Boxing is in danger of being dropped from the Tokyo 2020 Olympic slate after the International Olympic Committee (IOC) opened an inquiry into the embattled governing body late last year.
The inquiry into the International Boxing Association (AIBA) came after its members went against IOC warnings and elected a man accused of trafficking heroin. Though that’s far from the only issue the organization needs to address, including its finances.
Umar Kremlev, an AIBA executive committee member, made the offer of $16 million to clear the organization’s debts if the IOC keeps the sport in the next Olympics under the AIBA umbrella.
Boxing in a battle
The issues with the AIBA are long-ranging and include leaders with connections to crime organizations, controversial judging decisions and overall corruption.
Gafur Rakhimov was elected in November 2018 as the AIBA president despite the IOC’s warnings against it. The U.S. Treasury Department alleges he is a member of the Brother’s Circle, an organized crime group the department believes is involved in international heroin smuggling, according to Forbes.The department barred U.S. citizens and companies from doing business with him, per the AP.
Nothing is proven and Rakhimov has denied all allegations, which forced him to miss the 2000 Sydney Olympics and 2012 London Olympics. He said last week he would step down amid the investigation, according to reports, but did not resign from the post.
The IOC will deliver its final report May 22 into the organization. It can decide to drop the sport from the Tokyo schedule or develop a plan for tournaments and qualifying events without involvement by AIBA. In June, the IOC can vote to de-recognize AIBA.
AIBA put forth plans detailing how it would improve management, finances and fight judges as it attempts to avoid any sanctions and get answers for its boxers. The sport has been a pivotal part of the Games since 1904. Losing it would also hurt TV ratings, Forbes speculates.
2016 Games proved controversial
The issues stem back to some embarrassments at the 2016 Rio Olympics, where all 36 judges and referees were suspended by AIBA.
The two main cases, detailed by Forbes, involve Russians winning controversial decisions.

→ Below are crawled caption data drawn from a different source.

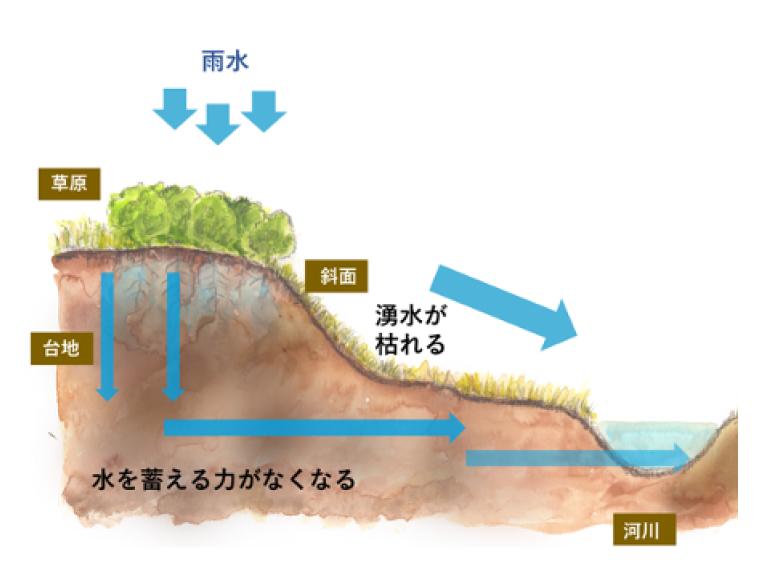 放置された台地と谷津の水循環の状態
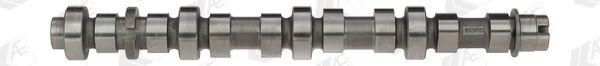 AE Nockenwelle 10852998 Einbauposition: Einlassseite, Material: Gusseisen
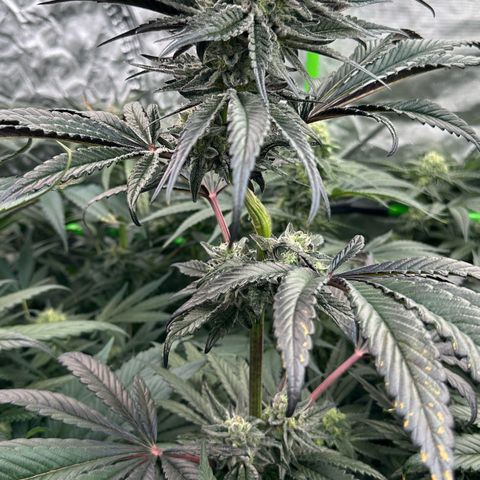 Misc x (LA Kush x Zkittles) #22 34.14g growlog timeline photo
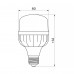 LED лампа TITANUM A80 20W E27 6500К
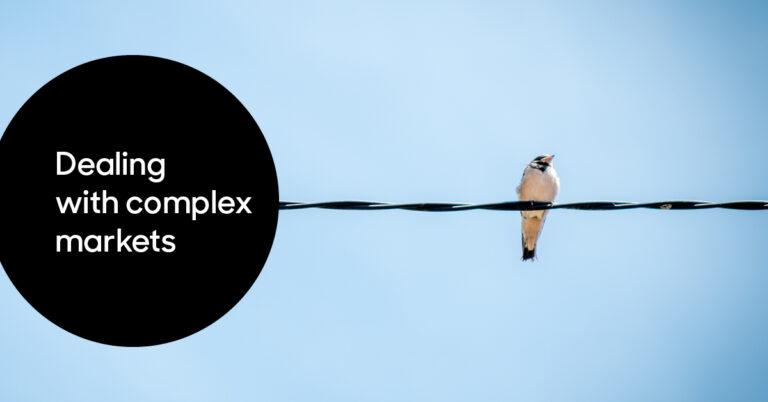 Beyond the noise: dealing with complex markets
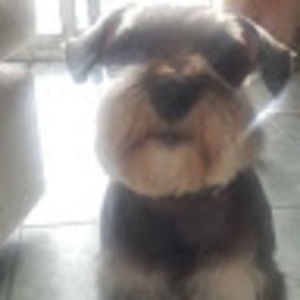 Meet your Posher, Daniela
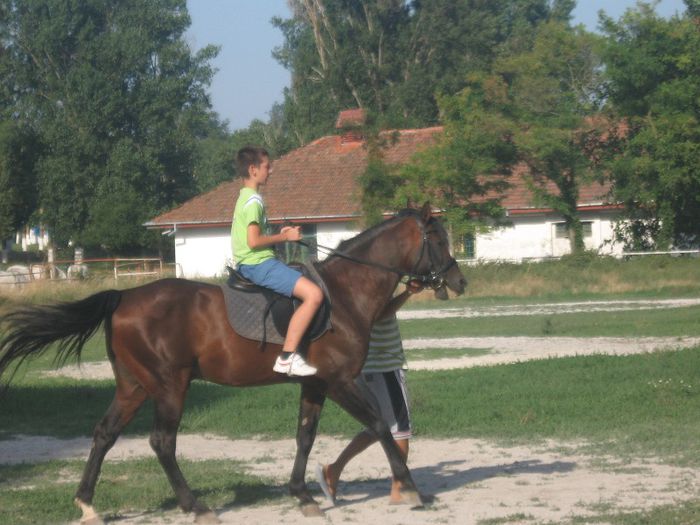 Mangalia 2013. - Caii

Ireland’s Michael Conlan lost a controversial decision to Russian Vladimir Nikitin and gave judges the middle finger before ranting about corruption. The Irish team boxing manager claimed in a three-page report reviewed by The Irish Times last March that the match was fixed and Conlan’s chances “gone” before he stepped into the ring.
Evgeny Tishchenko won the heavyweight gold even though Kazakh boxer Vasily Levit was considered the winner by observers. Tishchenko suffered a cut on his head and fought from his back foot for most of the bout. His coach even suggested in post-match comments that the Russian should not have won.
Scandals over judging came up again at the Asian Games in September, per Forbes, and two North Korean coaches were removed from the arena by police when they protested decisions.
Kremlev offers to clear debt
An AIBA interim audit report released Wednesday showed the organization went from losing $2 million a year to a “positive cash flow.” Yet it still has debts of $16 million and, per the report, is “dependent on the Olympic dollars in order to secure its future.” De-recognizing the organization would pull that funding indefinitely.
AIBA announced it intends to lower operating expenses by 50 percent and create positive equity by 2024. It alleged it could only do that if the sport were a part of the games, per Reuters.
Kremlev, an AIBA executive committee member and secretary general of the Russian boxing federation, wants to make a deal.
“I am ready to close all the debts of AIBA in full, so long as our favorite sport remains in the Olympic program,” Kremlev wrote, according to the statement given to The Associated Press.
Kremlev did not say where the money would come from, per the report.
AIBA executive director Tom Virgets told insidethegames he was “sincerely grateful” for the offer, but did not solicit it.
"We are very blessed to have a member in our AIBA family with such philanthropic heart," Virgets said.